How to handle missing values in Stan

Hi,
I developed a model which works well. But now, I have data with missing values and I’m not sure how I can handle it in rstan. I got an error message that says ‘‘Stan does not support NA (in y) in data’’. Can anyone help me with handling the missing values?
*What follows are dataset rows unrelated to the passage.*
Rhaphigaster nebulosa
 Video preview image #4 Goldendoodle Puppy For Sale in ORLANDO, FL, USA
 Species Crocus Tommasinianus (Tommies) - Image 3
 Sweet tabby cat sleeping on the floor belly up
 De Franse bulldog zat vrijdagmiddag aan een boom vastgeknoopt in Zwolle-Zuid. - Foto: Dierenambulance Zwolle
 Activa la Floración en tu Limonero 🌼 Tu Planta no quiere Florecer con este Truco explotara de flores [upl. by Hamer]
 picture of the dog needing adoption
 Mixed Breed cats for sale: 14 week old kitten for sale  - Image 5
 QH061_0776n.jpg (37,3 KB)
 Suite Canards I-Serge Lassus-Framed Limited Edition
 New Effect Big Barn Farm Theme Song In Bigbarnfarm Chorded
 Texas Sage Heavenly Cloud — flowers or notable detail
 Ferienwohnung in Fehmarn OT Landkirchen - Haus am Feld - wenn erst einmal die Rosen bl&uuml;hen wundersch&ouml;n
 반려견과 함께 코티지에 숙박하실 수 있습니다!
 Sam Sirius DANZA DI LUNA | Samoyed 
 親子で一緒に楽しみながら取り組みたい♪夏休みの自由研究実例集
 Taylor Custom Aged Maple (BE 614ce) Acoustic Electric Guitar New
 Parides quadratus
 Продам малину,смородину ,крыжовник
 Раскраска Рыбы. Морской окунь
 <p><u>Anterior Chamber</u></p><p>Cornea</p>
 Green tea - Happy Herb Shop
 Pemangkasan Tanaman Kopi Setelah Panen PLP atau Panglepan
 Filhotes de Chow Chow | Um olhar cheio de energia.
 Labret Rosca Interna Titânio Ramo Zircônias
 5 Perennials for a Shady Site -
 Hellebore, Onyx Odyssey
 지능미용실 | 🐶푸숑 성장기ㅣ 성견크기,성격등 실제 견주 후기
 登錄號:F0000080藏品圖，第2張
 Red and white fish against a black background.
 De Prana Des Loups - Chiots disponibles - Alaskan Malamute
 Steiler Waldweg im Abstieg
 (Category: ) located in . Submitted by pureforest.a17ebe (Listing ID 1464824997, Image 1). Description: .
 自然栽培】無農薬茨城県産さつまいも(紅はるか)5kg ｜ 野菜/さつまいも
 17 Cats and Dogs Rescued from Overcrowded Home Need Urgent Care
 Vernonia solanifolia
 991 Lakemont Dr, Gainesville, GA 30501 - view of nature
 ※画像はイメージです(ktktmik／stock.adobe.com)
I attach the data and the code below.
Antigen_Decay_Nan.csv (8.0 KB)

STAN Code

data {
  int N;         
  int K; 
  real x[K];
  real y[N,K];              
 }
parameters {
 real beta;      
 real<lower=1> sigma;
 real<lower=1> muu;
 real<lower=0> sigmau;
 vector[N] U_raw;
}
transformed parameters { 
  real nu[N,K]; 
  vector[N] U=U_raw * sigmau+muu;
  for(n in 1:N){
    for(k in 1:K){
      nu[n,k]=U[n]+beta * x[k];
    }
  }
}
model {
  U_raw ~ std_normal();
  for(n in 1:N){
    for (k in 1:K){
      y[n,k] ~ normal(nu[n,k],sigma);
    }
  }
}

R Code

datay <- read.csv("Antigen_Decay_Nan.csv")
N=100
age=c(6.5, 7.5, 10.5,13.5,16.5,21.5)
n=length(age)
X <- log(age-5.5)
antigen_dat <- list(N = N, 
                    K = n,
                    x = X,
                    y=datay)
fit <- stan(file = 'measles_stan.stan', data = antigen_dat)
print(fit, pars = c("beta", "muu","sigmau", "sigma"))
traceplot(fit, pars = c("beta", "muu","sigmau", "sigma"), inc_warmup = FALSE, nrow = 2)

edit: code formatted by @Max_Mantei

See this lecture, and the missing data section of the SUG.

2 Likes

Thanks for the links. I now changed the format of the data data to have id for individual measurements. Since we are not interested in estimating the missing values, I deleted all the missing data points; I’m left with observed data which has unequal number of measurements for each individual ( i.e the id(s) are not the same size). Do you have an idea how I can handle such case in Stan
Antigen_Decay_Nan3_id.csv (9.0 KB)